#### Captioned web images

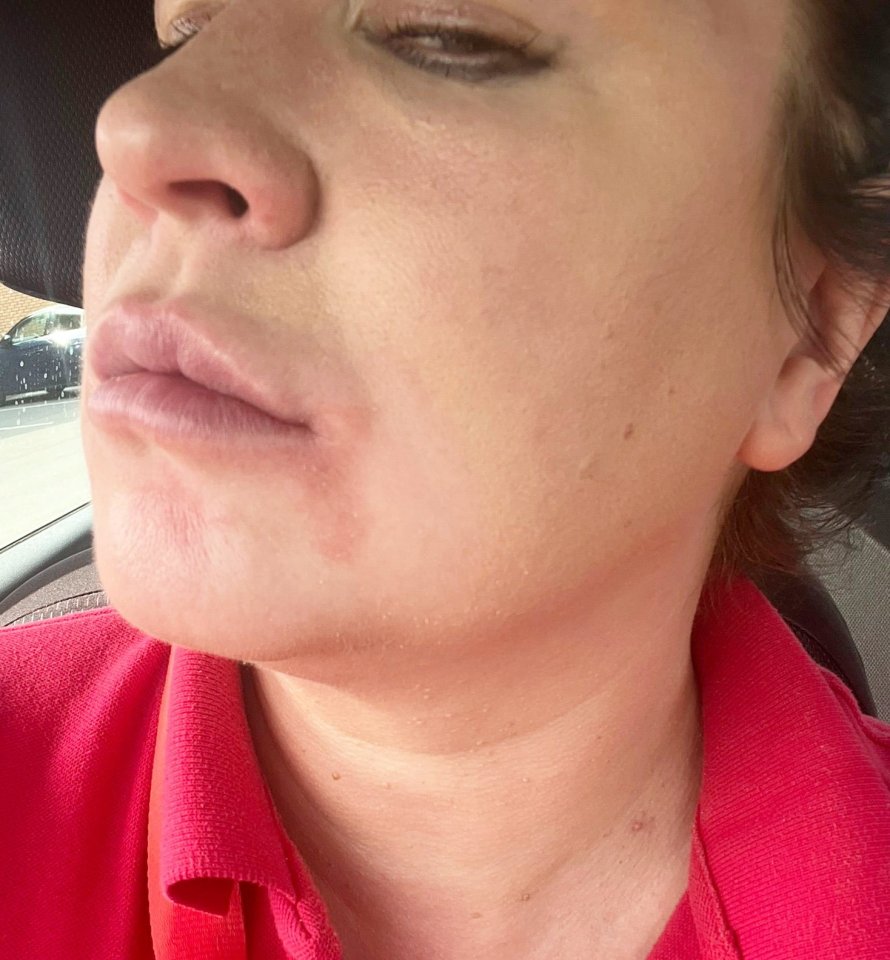 Primer plano de la cara de una mujer que muestra una reacción de la piel.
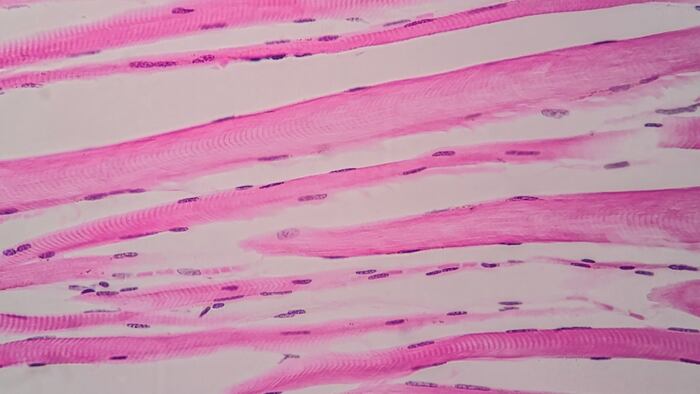 Skeletal_Muscle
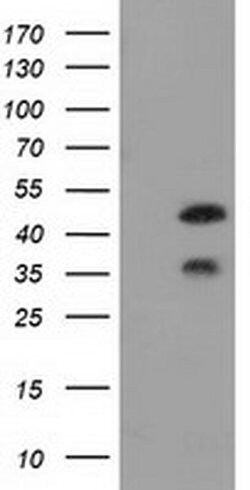 Invitrogen FKBPL Monoclonal Antibody (OTI2D8) 100 &mu;L | Buy Online | Invitrogen&trade; | Fisher Scientific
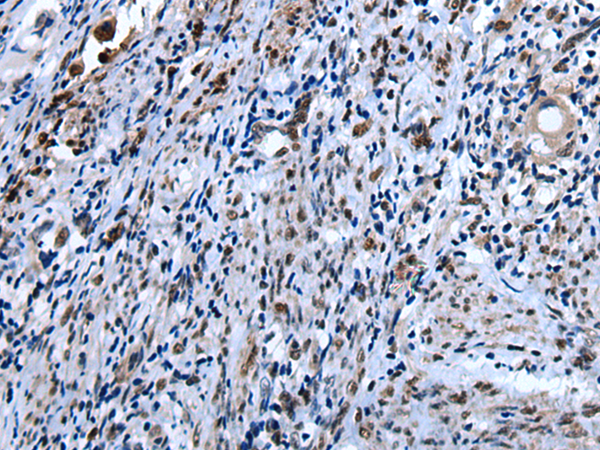兔抗ANP32A多克隆抗体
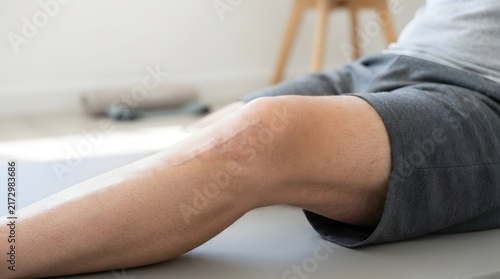 Close-Up of Clean Healed Surgical Scar on Knee After Orthopedic Surgery and Recovery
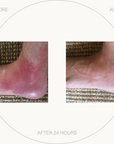 Manuka Skin Saver - Radiation & UV Damage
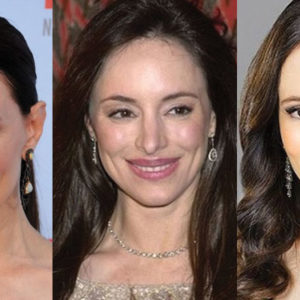 Madeleine Stowe Plastic Surgery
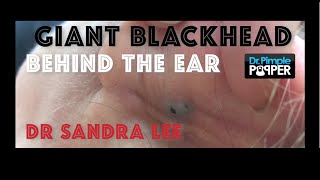 Giant Blackhead, Dilated Pore of Winer, behind the ear extracted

#### TASK BRIEF
Quote each record exactly as it stands, minus the pictures.

#### WRITTEN REPLY
 Primer plano de la cara de una mujer que muestra una reacción de la piel.
 Skeletal_Muscle
 Invitrogen FKBPL Monoclonal Antibody (OTI2D8) 100 &mu;L | Buy Online | Invitrogen&trade; | Fisher Scientific
兔抗ANP32A多克隆抗体
 Close-Up of Clean Healed Surgical Scar on Knee After Orthopedic Surgery and Recovery
 Manuka Skin Saver - Radiation & UV Damage
 Madeleine Stowe Plastic Surgery
 Giant Blackhead, Dilated Pore of Winer, behind the ear extracted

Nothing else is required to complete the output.